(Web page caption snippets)
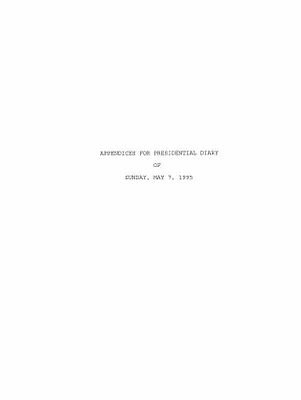 p. 43
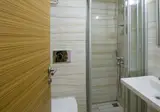 Dragut Point North Hotel foto 6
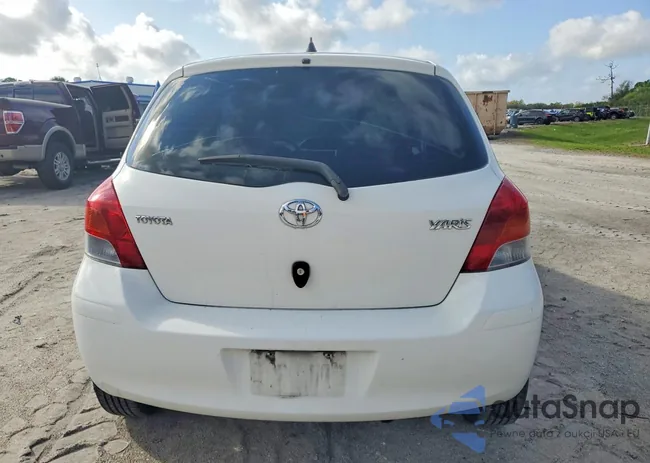 JTDKT4K38A5287574: 46391826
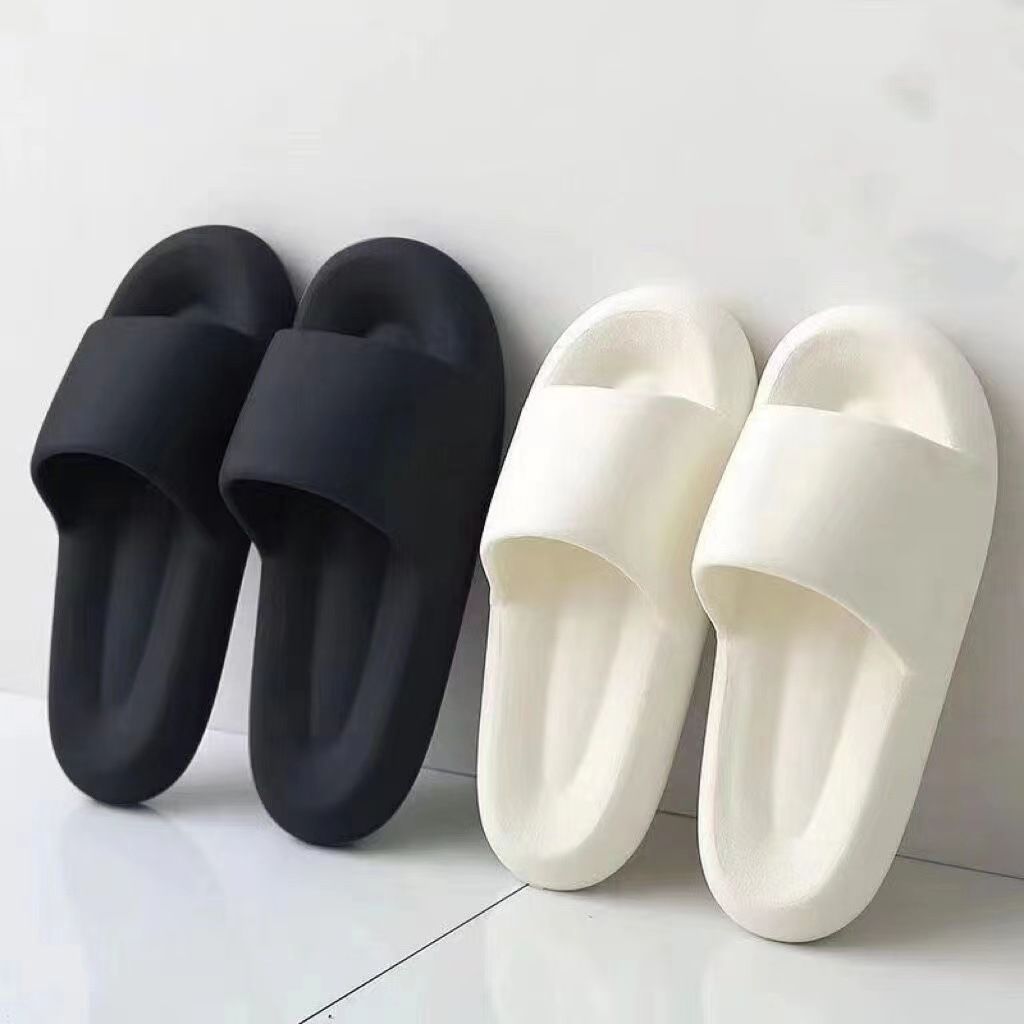 Comfortable  Anti-Slip Flip Flops
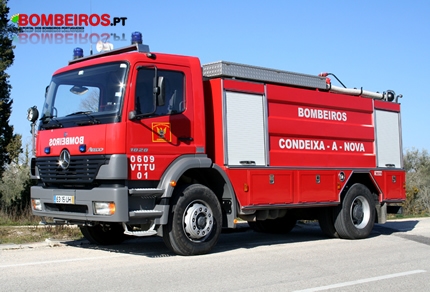 VTTU 01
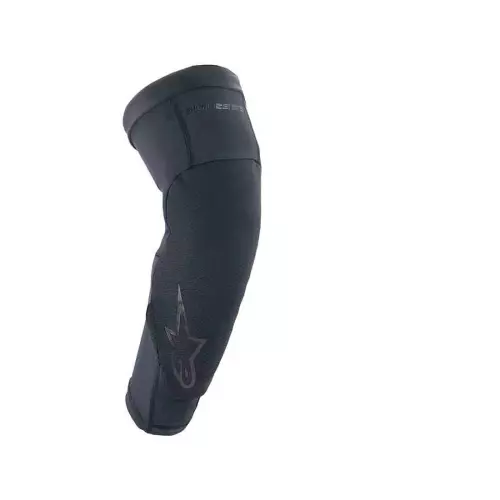 protector codo a motion plasma pro neg 1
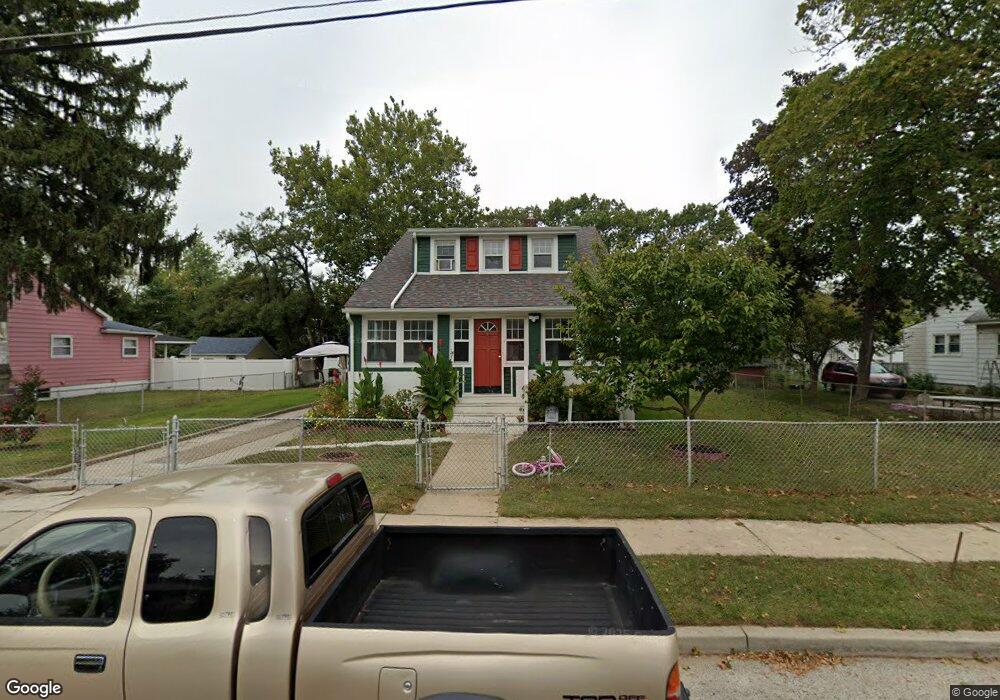 81 Watson Blvd, Clementon, NJ 08021 - photo 1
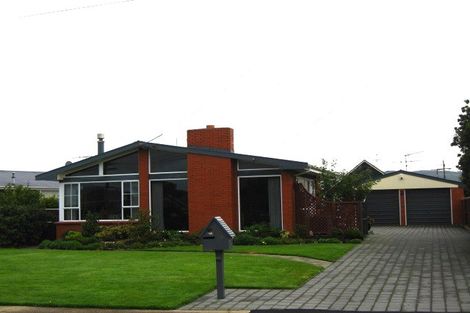 Photo of property in 70 Tyne Street, Mosgiel, 9024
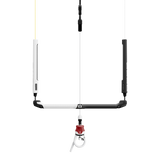 CORE - SENSOR 4 Pro Compact Bar Carbon 45cm 18-24m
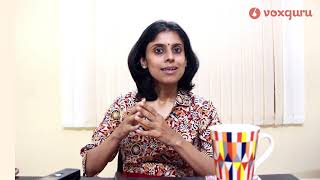 Learn Varnams  Hamsadhwani amp Hindolam  VoxGuru ft Pratibha Sarathy [upl. by Rebane]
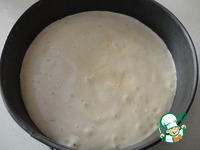 ������������ ���� � ���������� ������ �����������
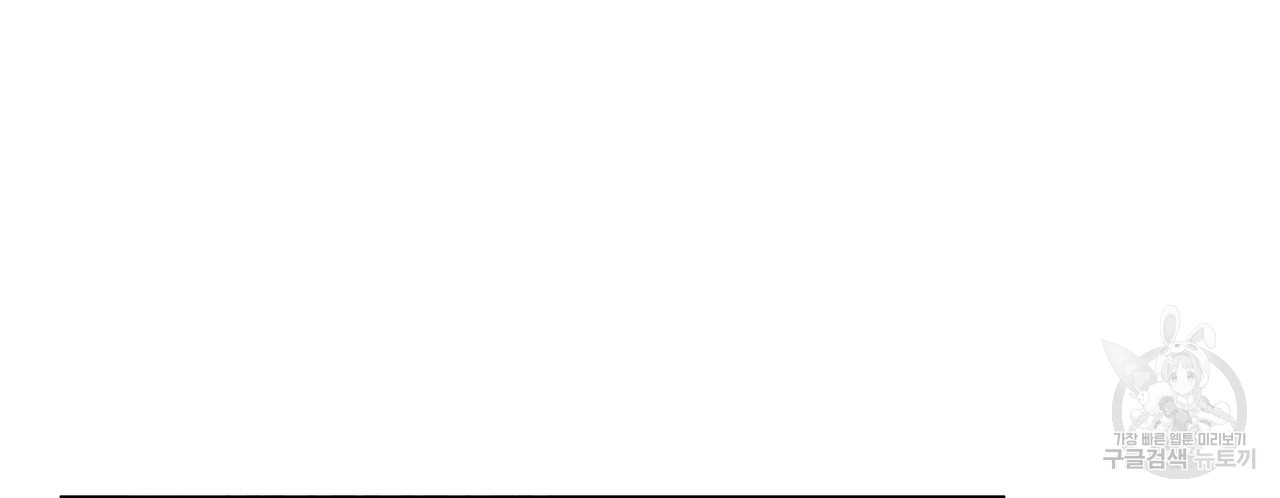 1699981429_34739665100873.jpg
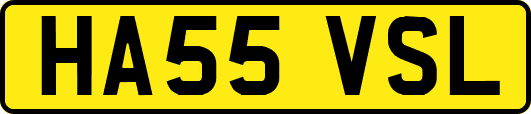 HA55VSL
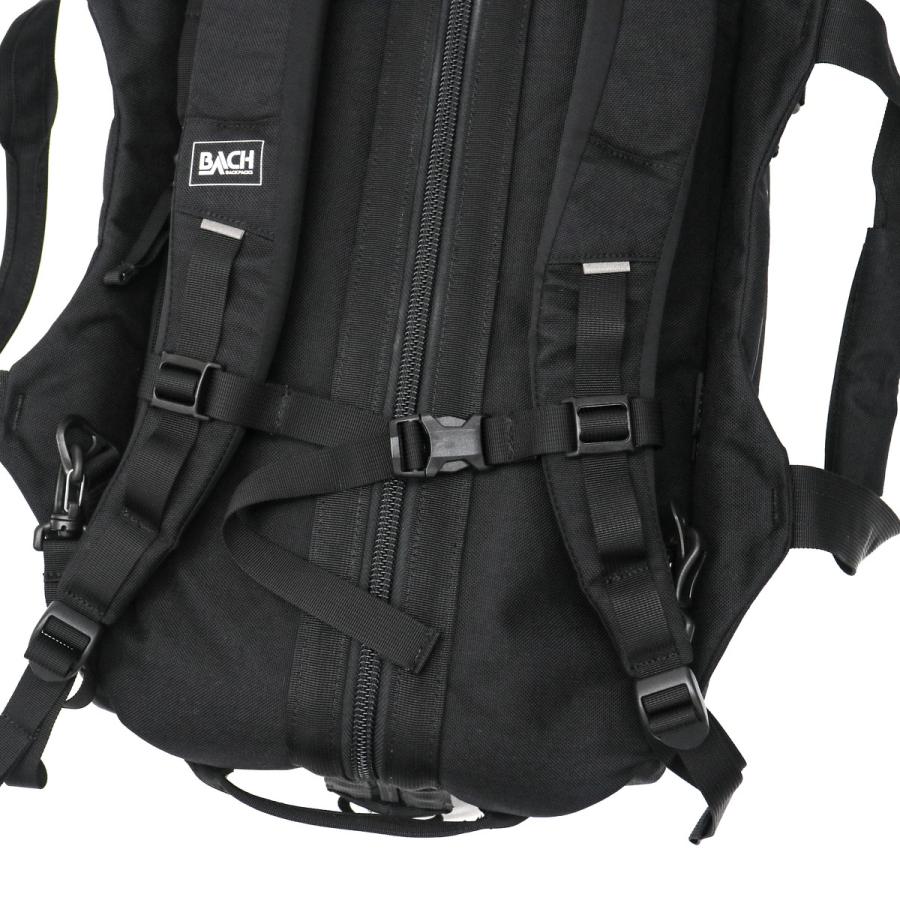 BACH 最大42%☆4/29限定 日本正規品 バッハ ボストンバッグ BACH 最大42%☆4/29限定 日本正規品 バッハ ボストンバッグ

- **Exercise prompt**
Exactly the lines from the one with "JTDKT4K38A5287574: 46391826" through the end of the records should be written out, and only those. Pictures do not belong in the copy.

- **Task output**
 JTDKT4K38A5287574: 46391826
 Comfortable  Anti-Slip Flip Flops
 VTTU 01
 protector codo a motion plasma pro neg 1
 81 Watson Blvd, Clementon, NJ 08021 - photo 1
 Photo of property in 70 Tyne Street, Mosgiel, 9024
 CORE - SENSOR 4 Pro Compact Bar Carbon 45cm 18-24m
 Learn Varnams  Hamsadhwani amp Hindolam  VoxGuru ft Pratibha Sarathy [upl. by Rebane]
 ������������ ���� � ���������� ������ �����������
 1699981429_34739665100873.jpg
 HA55VSL
 BACH 最大42%☆4/29限定 日本正規品 バッハ ボストンバッグ BACH 最大42%☆4/29限定 日本正規品 バッハ ボストンバッグ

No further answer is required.